There are three songs in Bucket List and all three are hits. Do you have a recipe for hit numbers? How much do you argue when arriving at that recipe?

RP: I don’t think we have many arguments. But what we do is keep the song simple. A simple melody works wonders. When it is melodious, people can relate to it and remember it after one hearing. That is always what we strive for. We think it is easier to make difficult songs by adding a lot of chords and all that, but then it may not connect with people. Simplicity works best. 

'Tu Pari' from Bucket List does stick in the mind after one hearing. Do you get a sense when composing a song whether it will work with the listeners?

RP: We have a gut feeling somewhere, but as long as we like it and we are confident about the team liking it and it is in synch with the film, [we believe] it is a satisfactory product. And when people hear it and like it, it just gives us more confidence.

As a music composer duo coming from Marathi films into Hindi cinema and doing it quite successfully, there will be comparisons with Ajay-Atul. What do you think about that?

RP: Number one is that they are legends. They have brought attention to the Marathi film industry. Considering that, they are pioneers for us. It would be overwhelming to be compared to them. 

RG: We ourselves love their work. Fantastic composers.

Where do you see yourselves as a composer duo making a name for yourselves in Marathi cinema and also breaking into Hindi?

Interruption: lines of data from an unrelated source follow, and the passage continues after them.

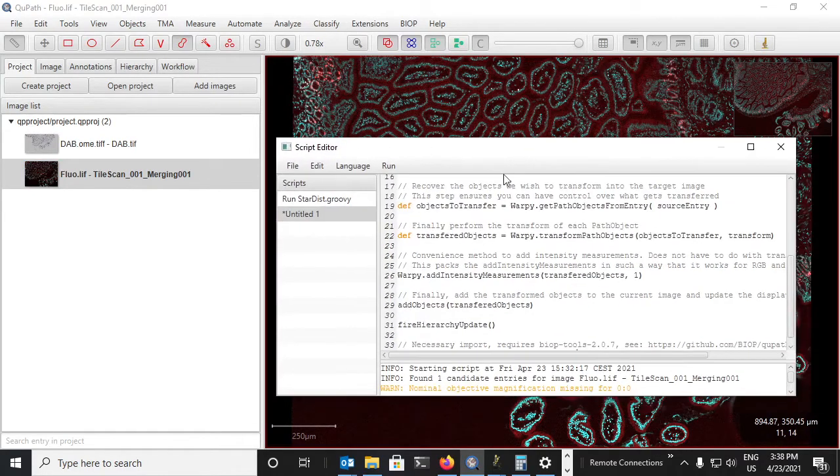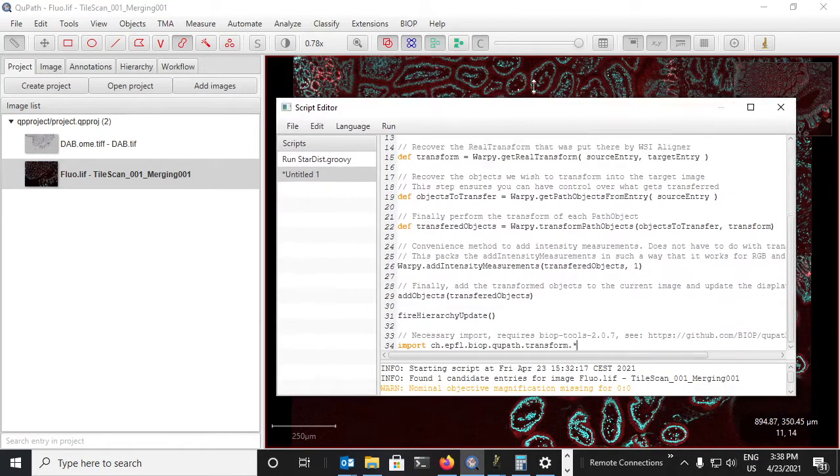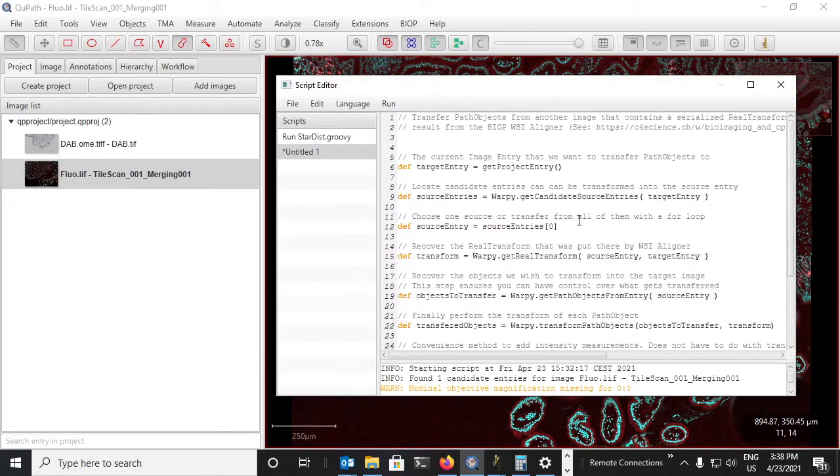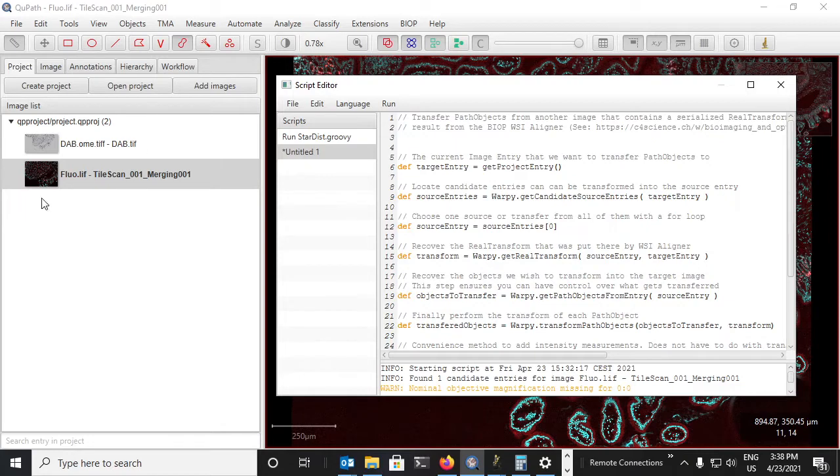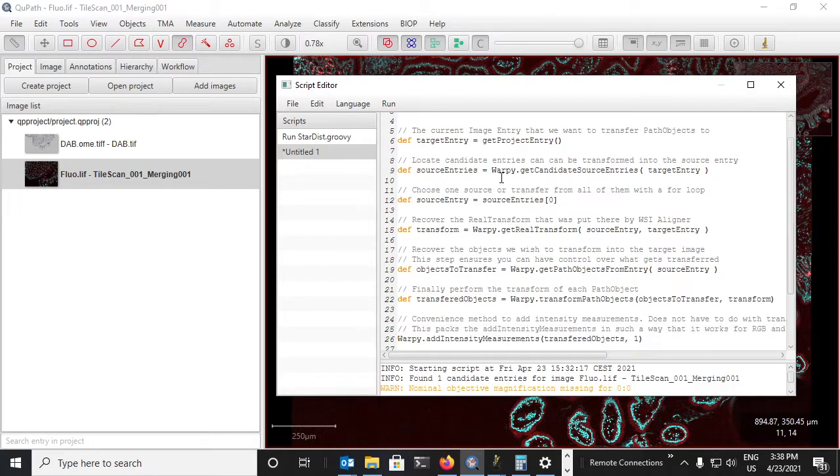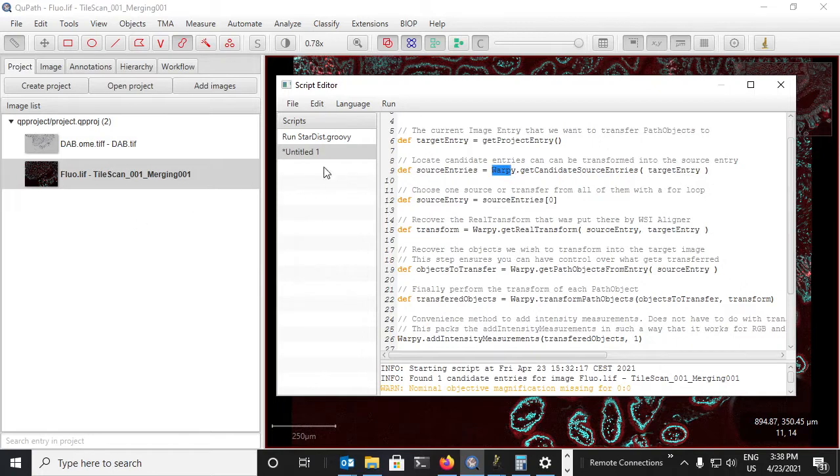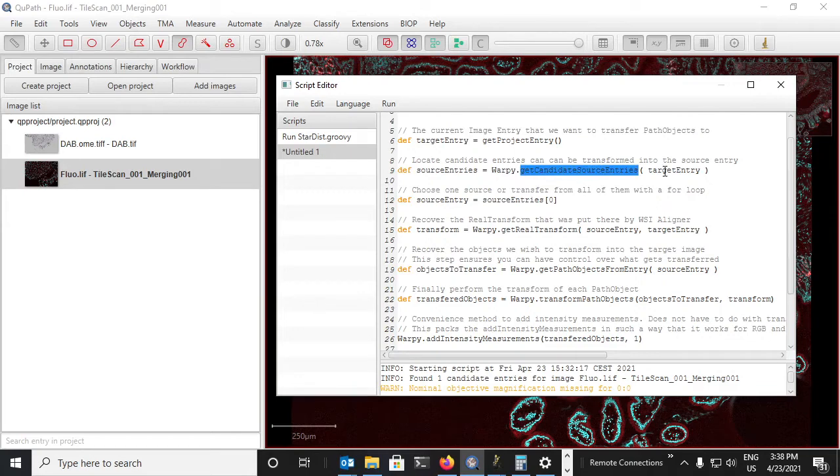So let's go through what this does a little bit. We take the currently open project entry, which is the image. We use this Warpy class, which is something we've written as an extension for QuPath that allows us to get any other images in the project.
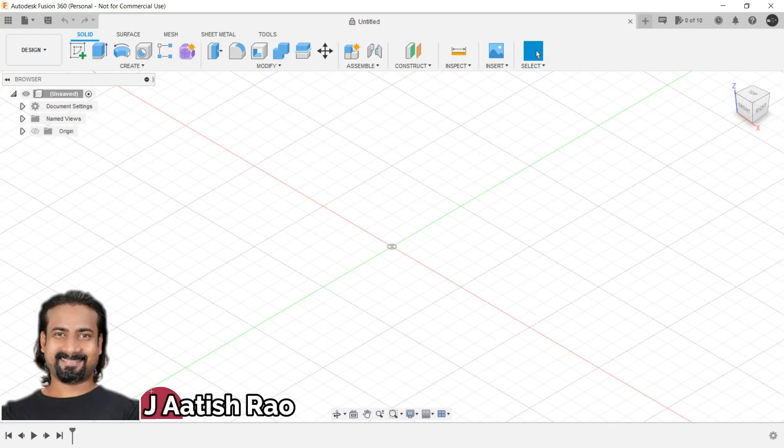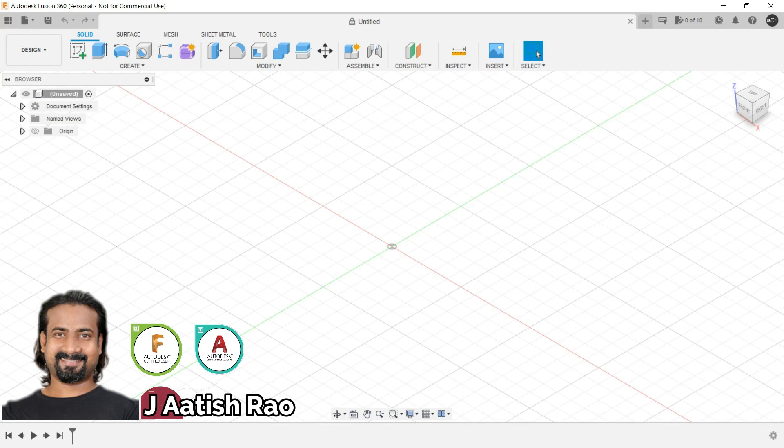Hi, I am Jayatish Rao. I am a Fusion 360 certified user and Autodesk certified professional. I have over 10 years of industrial experience, especially in the design field.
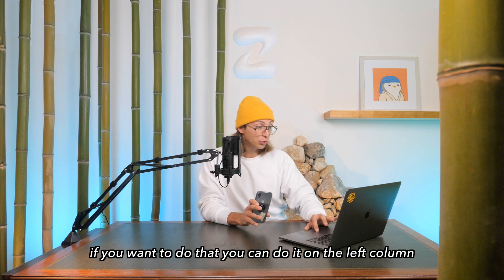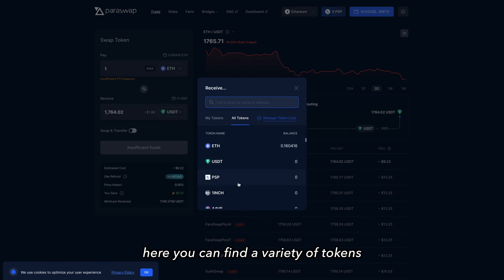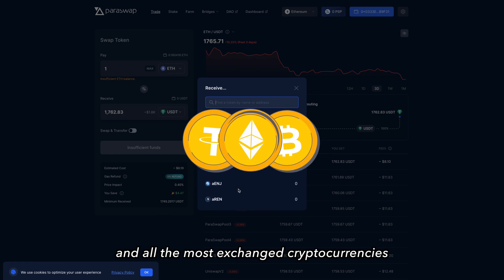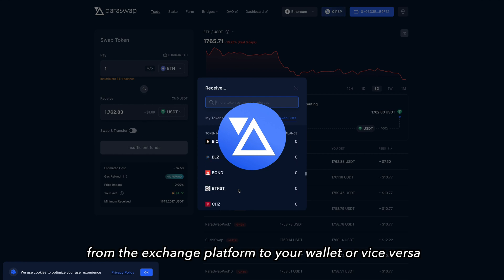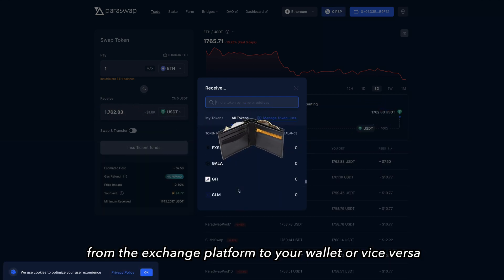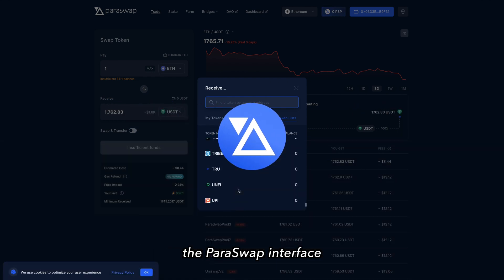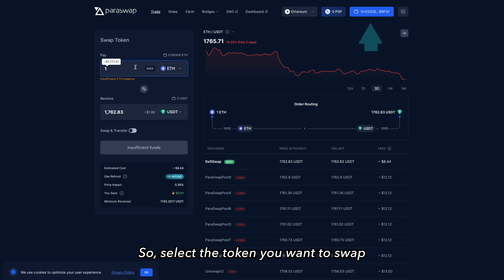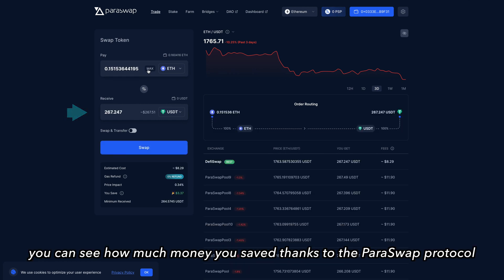If you want to trade, you can do it on the left column. Here you can find a variety of tokens: governance tokens, ERC20, stablecoins, and all the most exchanged cryptocurrencies. You can trade without having to transfer them from the exchange platform to your wallet, or vice versa — everything happens in the same place, the Paraswap interface. The assets are directly stored in your crypto wallet. Select the token you want to swap and then the token you need to swap it for. You can see how much money you saved thanks to the Paraswap protocol.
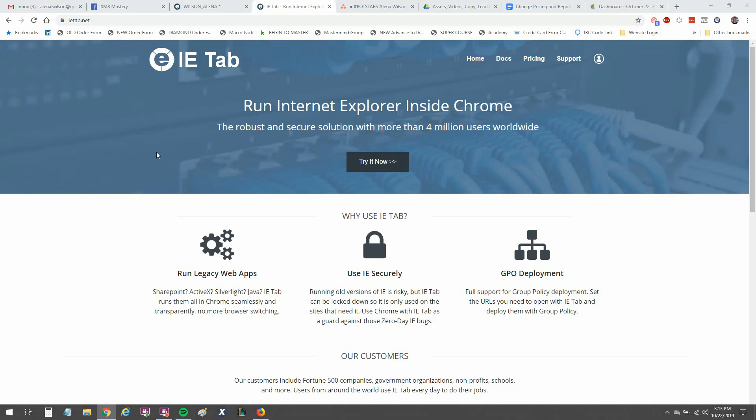So go download Chrome, get this plugin installed, try using Xactimate. I'd like to hear the feedback down below on how this is working for you. Again, if you're a Mac user, I would love to know if this works on a Mac.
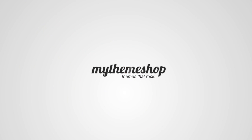Hello and welcome to this MyThemeShop video screencast. Over the next couple of minutes I'm going to show you how to set up the custom slider on your MyThemeShop theme.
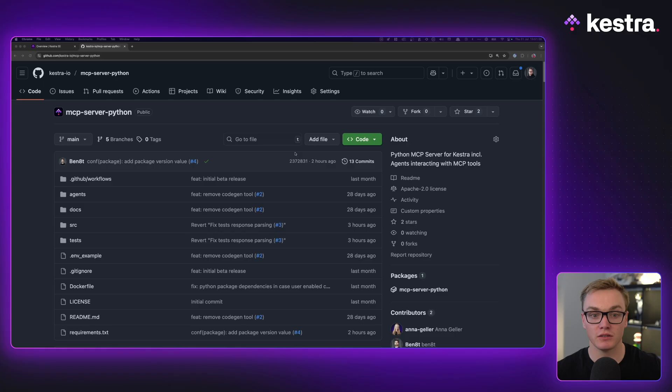Kestra's MCP server is now available in beta. I'm gonna walk you through how you can get it set up on your machine so you can start interacting with Kestra using AI.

RP: As long as we get to do what we love doing the most in life... we love to make music and we get paid to do it! You got to follow your passion and if you get paid for it what else do you want? 

RG: It’s too early right now. It has only been a few years since we started working... [we are] just enjoying at the moment. 

A lot of merging of pop and other contemporary genres with a regional Maharashtrian flavour has been happening. Do you see that as a trend in Marathi film music?

RP: There is no real trend in Marathi film music. There is rural filmmaking and urban filmmaking when it comes to the Marathi industry. What has always worked in Marathi is melody. Whether you compose it in a rural sort of way or a very urban sort of a way. If you keep the melody strong and it is hummable, people will love listening to it, irrespective of genre.